The report finds that limiting global warming to 1.5°C would require “rapid and far-reaching” transitions in land, energy, industry, buildings, transport, and cities. Global net human-caused emissions of carbon dioxide (CO2) would need to fall by about 45 percent from 2010 levels by 2030, reaching ‘net zero’ around 2050.

The UN body warned of catastrophic events by the year 2030 if we continue on our current path, which is why I needed to talk to Evan Caron.
Caron, co-founder and managing director of Swytch, began his career as an energy trader. As his understanding of energy deepened—how we use it, the economics around it, its impact on the environment—Caron went from being skeptical of climate change to founding a blockchain-based platform that tracks and verifies sustainability efforts centered around carbon emissions. If you’re a city government or corporation, you can be incentivized in Swytch’s token reward system.

Our approach is business-to-city—we call it B2C—and also business-to-business. We partner with cities that have a desire to be more sustainable and more renewable and really understand the levels of renewable, sustainable targets, and make sure that they’re achievable. Then we work with corporations that generate energy from fossil fuels as well as multinational companies that have a mandate for sustainable investment strategies.

Individuals can partake as well, tracking their sustainability efforts at home and in their cars.
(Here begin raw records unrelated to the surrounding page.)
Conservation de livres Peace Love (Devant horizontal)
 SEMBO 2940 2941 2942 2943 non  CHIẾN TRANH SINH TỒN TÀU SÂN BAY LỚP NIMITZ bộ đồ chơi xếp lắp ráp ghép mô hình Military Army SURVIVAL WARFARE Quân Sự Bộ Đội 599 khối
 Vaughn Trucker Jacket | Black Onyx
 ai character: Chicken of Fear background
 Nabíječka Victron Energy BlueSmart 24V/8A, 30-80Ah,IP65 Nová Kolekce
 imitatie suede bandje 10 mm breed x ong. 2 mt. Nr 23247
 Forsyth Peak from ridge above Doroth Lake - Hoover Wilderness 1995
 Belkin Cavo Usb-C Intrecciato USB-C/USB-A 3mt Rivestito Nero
In fact, Caron hopes we reach a day when we treat energy as a Commons, understanding that it is a finite resource. Individuals and the communities they’re part of will recognize their energy consumption as a collective; when they’re rewarded for good behavior there will be a snowball effect. First and foremost, however, we have to look at the biggest producers:

The goal is to start with energy companies that have an understanding of their impact, specifically ones that build renewable energy resources and focus on creating a better system for them, with the intended consequence of generating a new form of what I would call “valuation for energy activities.”

Caron hopes that by incentivizing communities and companies in such a manner, regulations will follow. This Herculean effort must be championed by the people. As the Indian novelist, Amitav Ghosh, writes in The Great Derangement: Climate Change and the Unthinkable.

The fact is that we live in that has been profoundly shaped by empire and its disparities. Differentials of power between and within nations are probably greater today than they have ever been. These differentials are, in turn, closely related to carbon emissions. The distribution of power in the world therefore lies at the core of the climate crisis.

Ghosh notes that we can no longer be “confined by boundaries.” This might be difficult in a world in the midst of populist, nationalist movements, but what’s at stake is larger than any nation or tribe. We can no longer delay in realizing this reality. It’s time we swytch out of that mindset.